- How to complete this task
What is needed is the number of lines below that contain the string "leves", with no other text.

[Brief descriptive captions]
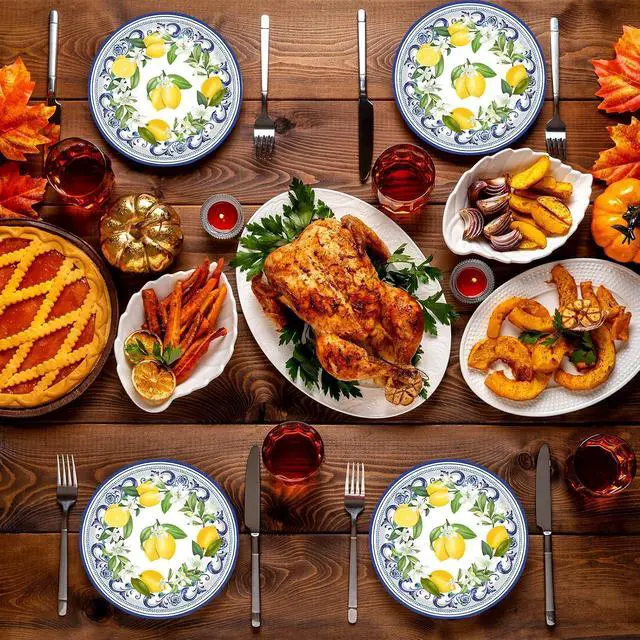 Alt view image 7 of 7 - 72 Pcs Lemon Paper Plates and Napkins Party Supplies , Blue Tiles Yellow Lemon Party Decorations Disposable Party Plates and Napkins Tableware Set for Birthday Wedding Baby Showe Serves 24 (Lemon)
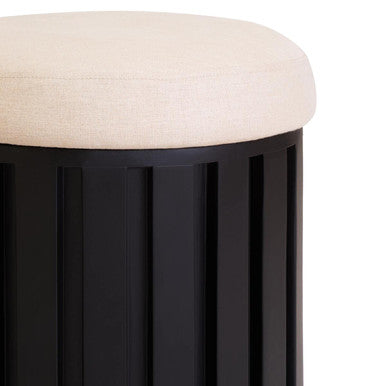 Perdoba Black Finish Mango Wood and Cream Linen Stool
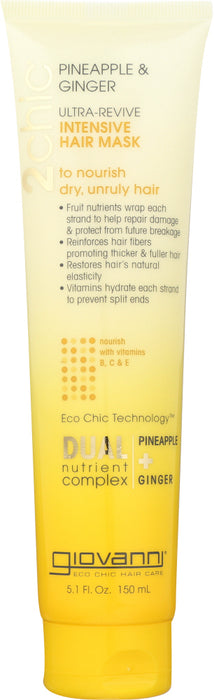 GIOVANNI COSMETICS: 2Chic Ultra-Revive Intensive Hair Mask Pineapple & Ginger, 5.1 oz - No Brand For Less 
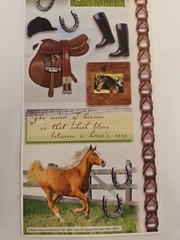 Horses Equestrian Scrapbooking Sticker Paper House Cardstock Cowboy Western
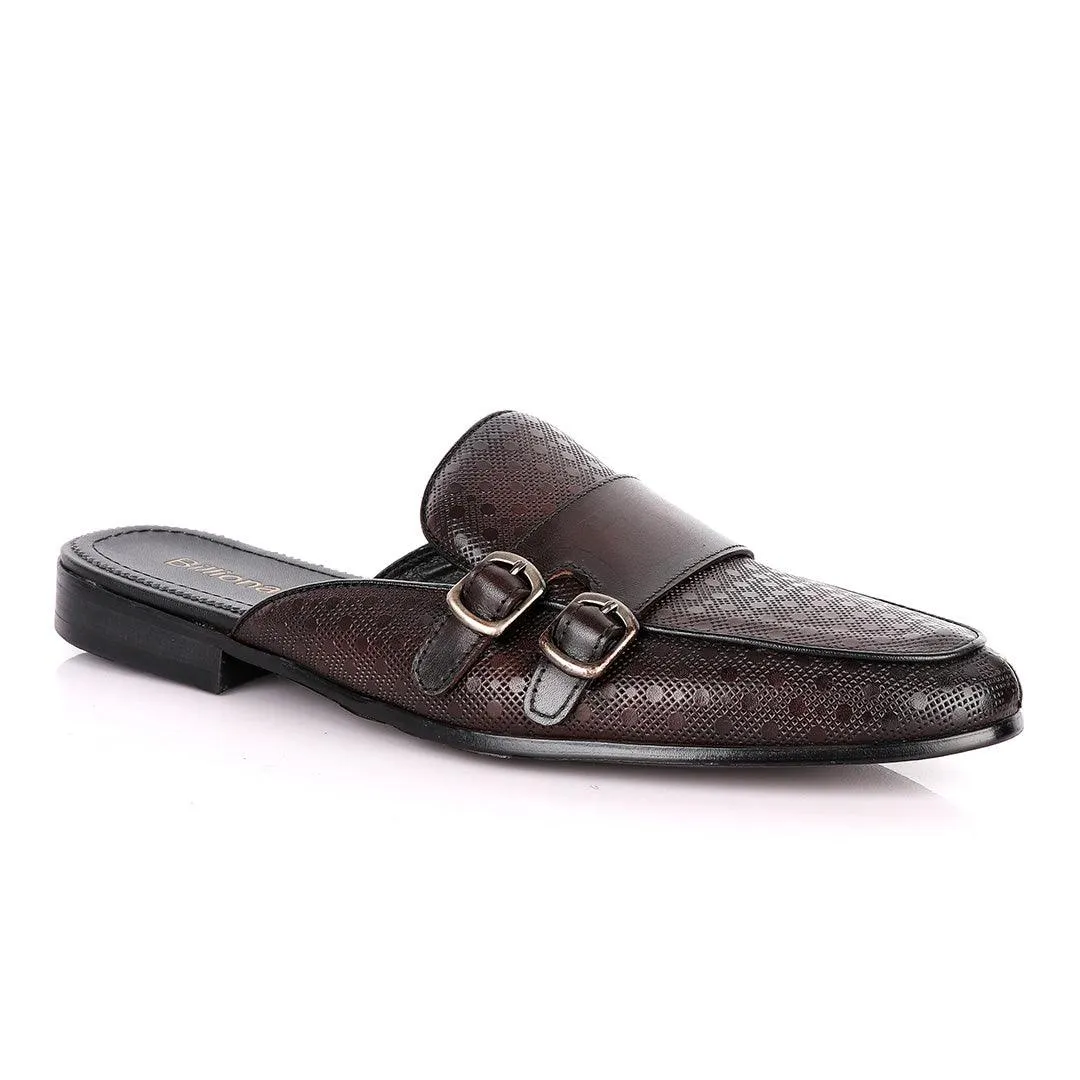 Billionaire Dotted Double Strap Coffee Mole Leather Shoe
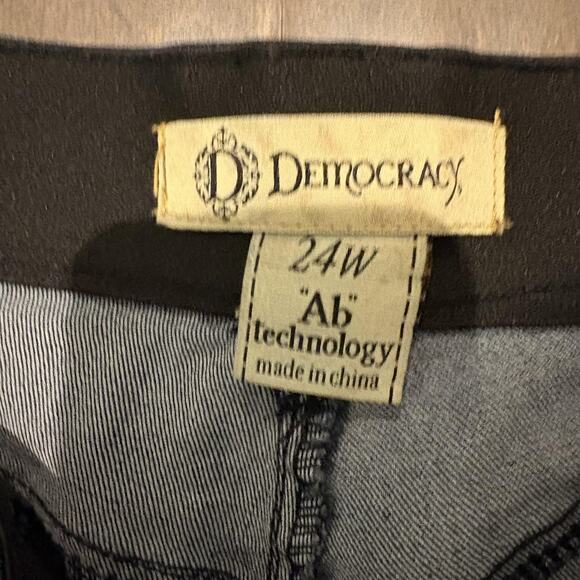 Democracy Jeans Womens 24W Blue Ab Solution Stretch Skinny Plus Size Dark Wash - Picture 2 of 11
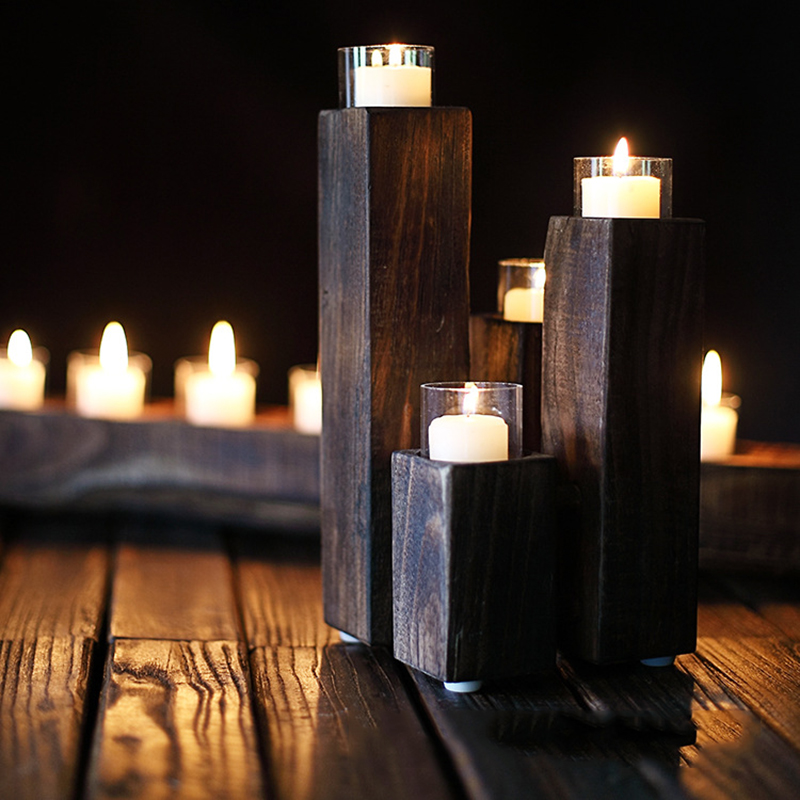 Free sample supply customized wholesale wooden candle holders with different sizes and shapes for home decor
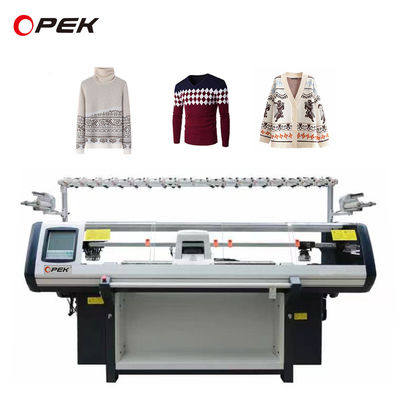 Máquina de tricô de colarinho plano de três sistemas para camisola Jacquard de 80 polegadas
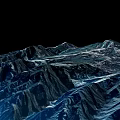 3D Terrain Model of Mountain Landscape with Blue Tones and Black Background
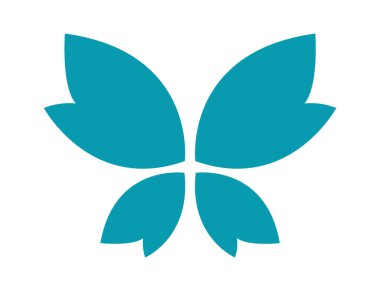 El çizimi kelebek soyut tasarım düz simge. Vektör illüstrasyonu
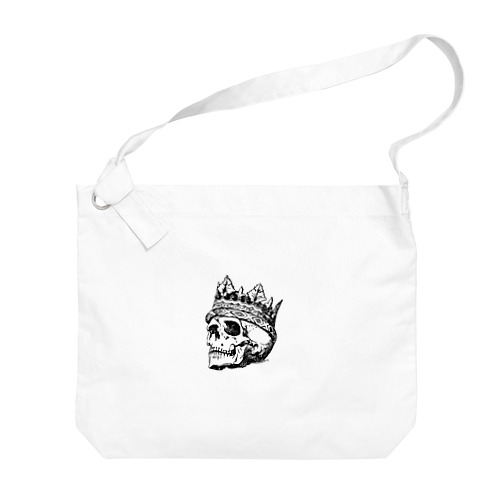 Black White Illustrated Skull King  Big Shoulder Bag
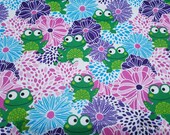 Flannel Fabric - Frogs in Floral Bursts - By the yard - 100% Cotton Flannel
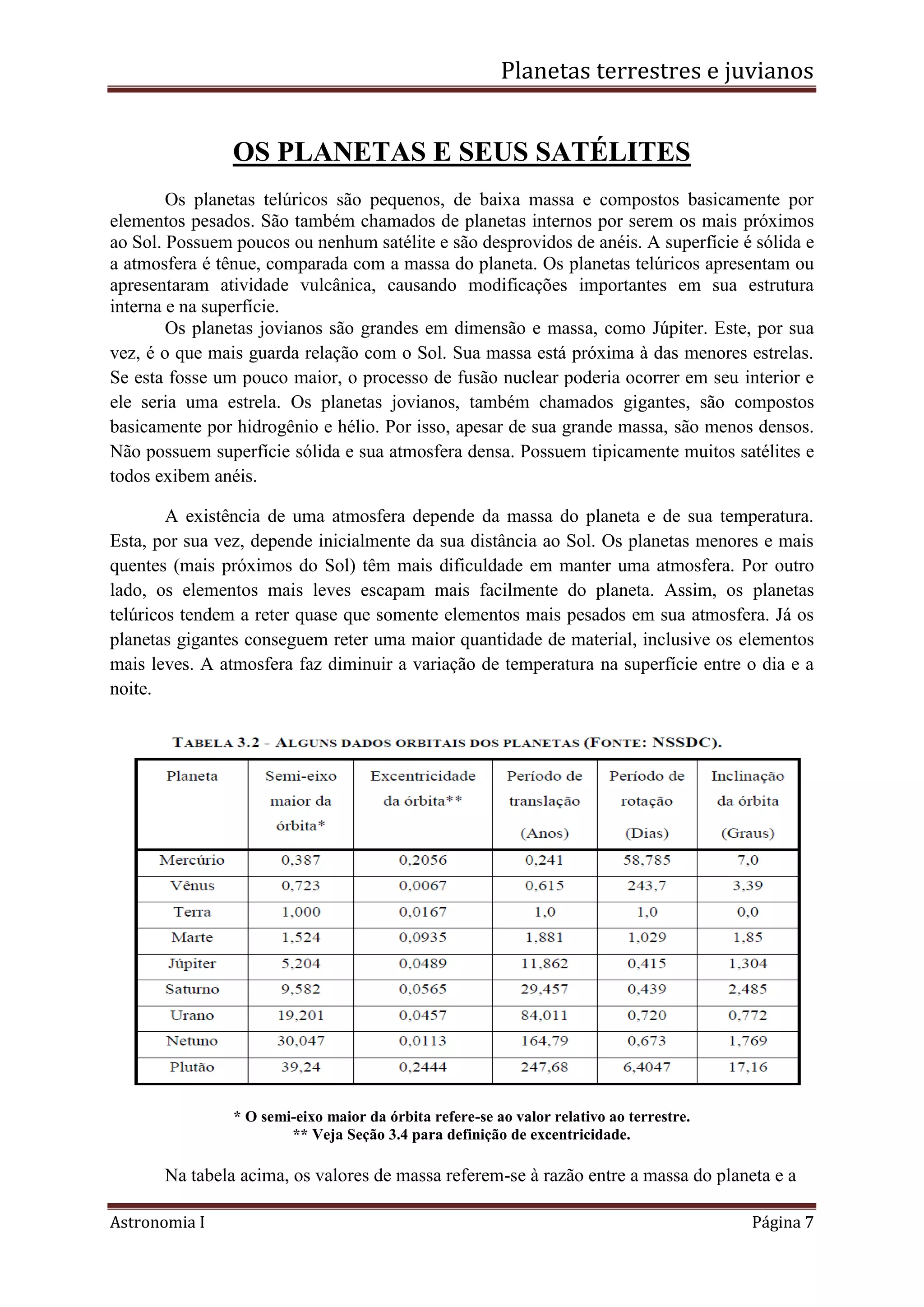 Planetas terrestres e juvianos
Astronomia I Página 7
OS PLANETAS E SEUS SATÉLITES
Os planetas telúricos são pequenos, de baixa massa e compostos basicamente por
elementos pesados. São também chamados de planetas internos por serem os mais próximos
ao Sol. Possuem poucos ou nenhum satélite e são desprovidos de anéis. A superfície é sólida e
a atmosfera é tênue, comparada com a massa do planeta. Os planetas telúricos apresentam ou
apresentaram atividade vulcânica, causando modificações importantes em sua estrutura
interna e na superfície.
Os planetas jovianos são grandes em dimensão e massa, como Júpiter. Este, por sua
vez, é o que mais guarda relação com o Sol. Sua massa está próxima à das menores estrelas.
Se esta fosse um pouco maior, o processo de fusão nuclear poderia ocorrer em seu interior e
ele seria uma estrela. Os planetas jovianos, também chamados gigantes, são compostos
basicamente por hidrogênio e hélio. Por isso, apesar de sua grande massa, são menos densos.
Não possuem superfície sólida e sua atmosfera densa. Possuem tipicamente muitos satélites e
todos exibem anéis.
A existência de uma atmosfera depende da massa do planeta e de sua temperatura.
Esta, por sua vez, depende inicialmente da sua distância ao Sol. Os planetas menores e mais
quentes (mais próximos do Sol) têm mais dificuldade em manter uma atmosfera. Por outro
lado, os elementos mais leves escapam mais facilmente do planeta. Assim, os planetas
telúricos tendem a reter quase que somente elementos mais pesados em sua atmosfera. Já os
planetas gigantes conseguem reter uma maior quantidade de material, inclusive os elementos
mais leves. A atmosfera faz diminuir a variação de temperatura na superfície entre o dia e a
noite.
* O semi-eixo maior da órbita refere-se ao valor relativo ao terrestre.
** Veja Seção 3.4 para definição de excentricidade.
Na tabela acima, os valores de massa referem-se à razão entre a massa do planeta e a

- Exercise solution
2